I’ve made no secret of my opinion that Greg Ballard has been an unfortunate mayor–a nice enough guy who assumed office mostly because the incumbent ran a terrible campaign, and whose total lack of background and understanding of what the job requires has allowed him to be “managed” by insiders who’ve been making out like bandits.

He may win re-election (although I wouldn’t bet any real money on that possibility), but I have to wonder about his campaign’s decision to hit Melina Kennedy for decisions made by Bart Peterson. I’ve seen several ads now that essentially say “When she was Deputy Mayor, X happened and X was bad. She was responsible for X. Vote Ballard.”

Granted, in the Ballard Administration the current Deputy Mayor (who actually can define “urban” and “governance”) has been the prime mover of policy, but in most administrations, Deputy Mayors take their marching orders from the guy who won the election. They may be consulted–especially in matters where they have expertise–but they certainly don’t set policy.When I was in City Hall, the two Deputy Mayors disagreed with decisions made by the Mayor on several occasions. They communicated their opinions to the Mayor, and (appropriately) supported his policies publicly.

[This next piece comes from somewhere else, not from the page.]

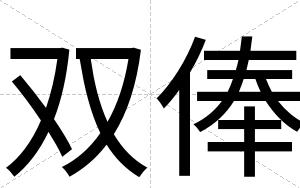 双俸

Deputy Mayors are assigned specific areas and tasked with implementing policy in those areas. If they do a poor job, it is certainly fair to criticize that performance, but trying to blame them for things their boss decided–or worse, for things that “happened” while their boss was in office, as they do in one of these commercials–is just silly.

Wouldn’t you expect that the people airing these campaign ads know that? Wouldn’t you think they’d expect voters to understand it?

Obviously, the folks doing Ballard’s ads don’t think we know that. They also don’t think we understand that tax rates–which Ballard’s ads tell us have “gone down during the Ballard Administration”–are determined by the Indiana General Assembly, and not by the Mayor, who deserves neither praise nor blame for the coincidence.

Granted, I am biased in this race, and further granted, I follow all these issues for a living and as a result, I’m probably more familiar with the way government works than most folks. But I find it difficult to believe that most voters don’t understand who calls the shots in an administration, and I find these ads offensive–not because they are negative (both candidates have run very negative ads), but because they assume that we voters are too stupid to know who does what.

Maybe they’re right. In which case, we are really in trouble.